* **WORK TO COMPLETE**
Down to the last line, restate the listing below exactly.

* **DATA LISTING**
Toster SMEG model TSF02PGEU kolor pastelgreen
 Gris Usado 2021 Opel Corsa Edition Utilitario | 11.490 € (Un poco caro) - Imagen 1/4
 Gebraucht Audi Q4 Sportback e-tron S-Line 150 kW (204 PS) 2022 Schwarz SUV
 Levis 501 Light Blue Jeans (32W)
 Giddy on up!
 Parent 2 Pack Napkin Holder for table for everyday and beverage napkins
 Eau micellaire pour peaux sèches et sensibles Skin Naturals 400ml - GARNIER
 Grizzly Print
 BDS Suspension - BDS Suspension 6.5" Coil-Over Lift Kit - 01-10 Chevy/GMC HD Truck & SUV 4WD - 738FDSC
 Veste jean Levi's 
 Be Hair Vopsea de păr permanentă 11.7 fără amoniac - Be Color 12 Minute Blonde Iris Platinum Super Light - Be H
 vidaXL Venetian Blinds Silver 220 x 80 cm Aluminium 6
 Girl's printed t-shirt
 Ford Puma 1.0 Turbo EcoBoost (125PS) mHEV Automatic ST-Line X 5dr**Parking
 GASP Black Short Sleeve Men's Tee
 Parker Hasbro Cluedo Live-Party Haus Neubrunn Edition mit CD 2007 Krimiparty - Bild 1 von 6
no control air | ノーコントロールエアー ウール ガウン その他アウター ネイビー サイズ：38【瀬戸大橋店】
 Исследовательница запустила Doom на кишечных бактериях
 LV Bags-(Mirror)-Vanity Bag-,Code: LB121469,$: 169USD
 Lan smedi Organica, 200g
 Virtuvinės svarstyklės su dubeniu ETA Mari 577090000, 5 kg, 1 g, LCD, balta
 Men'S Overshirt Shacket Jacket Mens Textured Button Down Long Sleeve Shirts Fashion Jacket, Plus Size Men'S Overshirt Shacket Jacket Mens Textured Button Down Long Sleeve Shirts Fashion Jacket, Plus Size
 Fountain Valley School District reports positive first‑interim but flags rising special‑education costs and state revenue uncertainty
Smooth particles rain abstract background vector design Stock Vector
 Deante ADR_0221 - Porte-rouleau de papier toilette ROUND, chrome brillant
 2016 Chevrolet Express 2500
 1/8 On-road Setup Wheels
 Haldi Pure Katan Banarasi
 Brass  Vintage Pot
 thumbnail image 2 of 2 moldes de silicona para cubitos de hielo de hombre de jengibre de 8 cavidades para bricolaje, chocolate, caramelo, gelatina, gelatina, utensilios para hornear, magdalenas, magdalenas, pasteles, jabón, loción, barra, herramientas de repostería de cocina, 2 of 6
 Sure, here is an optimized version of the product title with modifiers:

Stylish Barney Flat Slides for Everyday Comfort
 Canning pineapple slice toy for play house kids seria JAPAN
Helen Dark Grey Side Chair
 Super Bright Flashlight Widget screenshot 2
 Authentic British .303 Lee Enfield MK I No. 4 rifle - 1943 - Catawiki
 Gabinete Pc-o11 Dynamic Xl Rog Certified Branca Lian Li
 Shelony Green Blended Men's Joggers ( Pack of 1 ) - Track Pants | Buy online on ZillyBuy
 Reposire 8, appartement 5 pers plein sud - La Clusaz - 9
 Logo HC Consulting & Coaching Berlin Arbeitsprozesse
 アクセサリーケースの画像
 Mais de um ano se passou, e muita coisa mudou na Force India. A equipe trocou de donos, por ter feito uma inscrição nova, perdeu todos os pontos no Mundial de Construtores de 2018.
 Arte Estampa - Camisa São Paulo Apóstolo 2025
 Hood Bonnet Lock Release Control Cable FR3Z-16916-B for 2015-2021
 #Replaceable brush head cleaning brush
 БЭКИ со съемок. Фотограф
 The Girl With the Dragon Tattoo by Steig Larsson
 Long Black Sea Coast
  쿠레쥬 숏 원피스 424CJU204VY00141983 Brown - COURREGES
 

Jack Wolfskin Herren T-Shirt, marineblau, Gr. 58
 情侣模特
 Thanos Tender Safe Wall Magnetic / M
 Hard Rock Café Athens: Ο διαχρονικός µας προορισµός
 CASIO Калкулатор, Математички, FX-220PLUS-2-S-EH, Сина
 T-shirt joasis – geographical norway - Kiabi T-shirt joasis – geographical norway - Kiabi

* **SOLUTION TO THE PROBLEM**
Toster SMEG model TSF02PGEU kolor pastelgreen
 Gris Usado 2021 Opel Corsa Edition Utilitario | 11.490 € (Un poco caro) - Imagen 1/4
 Gebraucht Audi Q4 Sportback e-tron S-Line 150 kW (204 PS) 2022 Schwarz SUV
 Levis 501 Light Blue Jeans (32W)
 Giddy on up!
 Parent 2 Pack Napkin Holder for table for everyday and beverage napkins
 Eau micellaire pour peaux sèches et sensibles Skin Naturals 400ml - GARNIER
 Grizzly Print
 BDS Suspension - BDS Suspension 6.5" Coil-Over Lift Kit - 01-10 Chevy/GMC HD Truck & SUV 4WD - 738FDSC
 Veste jean Levi's 
 Be Hair Vopsea de păr permanentă 11.7 fără amoniac - Be Color 12 Minute Blonde Iris Platinum Super Light - Be H
 vidaXL Venetian Blinds Silver 220 x 80 cm Aluminium 6
 Girl's printed t-shirt
 Ford Puma 1.0 Turbo EcoBoost (125PS) mHEV Automatic ST-Line X 5dr**Parking
 GASP Black Short Sleeve Men's Tee
 Parker Hasbro Cluedo Live-Party Haus Neubrunn Edition mit CD 2007 Krimiparty - Bild 1 von 6
no control air | ノーコントロールエアー ウール ガウン その他アウター ネイビー サイズ：38【瀬戸大橋店】
 Исследовательница запустила Doom на кишечных бактериях
 LV Bags-(Mirror)-Vanity Bag-,Code: LB121469,$: 169USD
 Lan smedi Organica, 200g
 Virtuvinės svarstyklės su dubeniu ETA Mari 577090000, 5 kg, 1 g, LCD, balta
 Men'S Overshirt Shacket Jacket Mens Textured Button Down Long Sleeve Shirts Fashion Jacket, Plus Size Men'S Overshirt Shacket Jacket Mens Textured Button Down Long Sleeve Shirts Fashion Jacket, Plus Size
 Fountain Valley School District reports positive first‑interim but flags rising special‑education costs and state revenue uncertainty
Smooth particles rain abstract background vector design Stock Vector
 Deante ADR_0221 - Porte-rouleau de papier toilette ROUND, chrome brillant
 2016 Chevrolet Express 2500
 1/8 On-road Setup Wheels
 Haldi Pure Katan Banarasi
 Brass  Vintage Pot
 thumbnail image 2 of 2 moldes de silicona para cubitos de hielo de hombre de jengibre de 8 cavidades para bricolaje, chocolate, caramelo, gelatina, gelatina, utensilios para hornear, magdalenas, magdalenas, pasteles, jabón, loción, barra, herramientas de repostería de cocina, 2 of 6
 Sure, here is an optimized version of the product title with modifiers:

Stylish Barney Flat Slides for Everyday Comfort
 Canning pineapple slice toy for play house kids seria JAPAN
Helen Dark Grey Side Chair
 Super Bright Flashlight Widget screenshot 2
 Authentic British .303 Lee Enfield MK I No. 4 rifle - 1943 - Catawiki
 Gabinete Pc-o11 Dynamic Xl Rog Certified Branca Lian Li
 Shelony Green Blended Men's Joggers ( Pack of 1 ) - Track Pants | Buy online on ZillyBuy
 Reposire 8, appartement 5 pers plein sud - La Clusaz - 9
 Logo HC Consulting & Coaching Berlin Arbeitsprozesse
 アクセサリーケースの画像
 Mais de um ano se passou, e muita coisa mudou na Force India. A equipe trocou de donos, por ter feito uma inscrição nova, perdeu todos os pontos no Mundial de Construtores de 2018.
 Arte Estampa - Camisa São Paulo Apóstolo 2025
 Hood Bonnet Lock Release Control Cable FR3Z-16916-B for 2015-2021
 #Replaceable brush head cleaning brush
 БЭКИ со съемок. Фотограф
 The Girl With the Dragon Tattoo by Steig Larsson
 Long Black Sea Coast
  쿠레쥬 숏 원피스 424CJU204VY00141983 Brown - COURREGES
 

Jack Wolfskin Herren T-Shirt, marineblau, Gr. 58
 情侣模特
 Thanos Tender Safe Wall Magnetic / M
 Hard Rock Café Athens: Ο διαχρονικός µας προορισµός
 CASIO Калкулатор, Математички, FX-220PLUS-2-S-EH, Сина
 T-shirt joasis – geographical norway - Kiabi T-shirt joasis – geographical norway - Kiabi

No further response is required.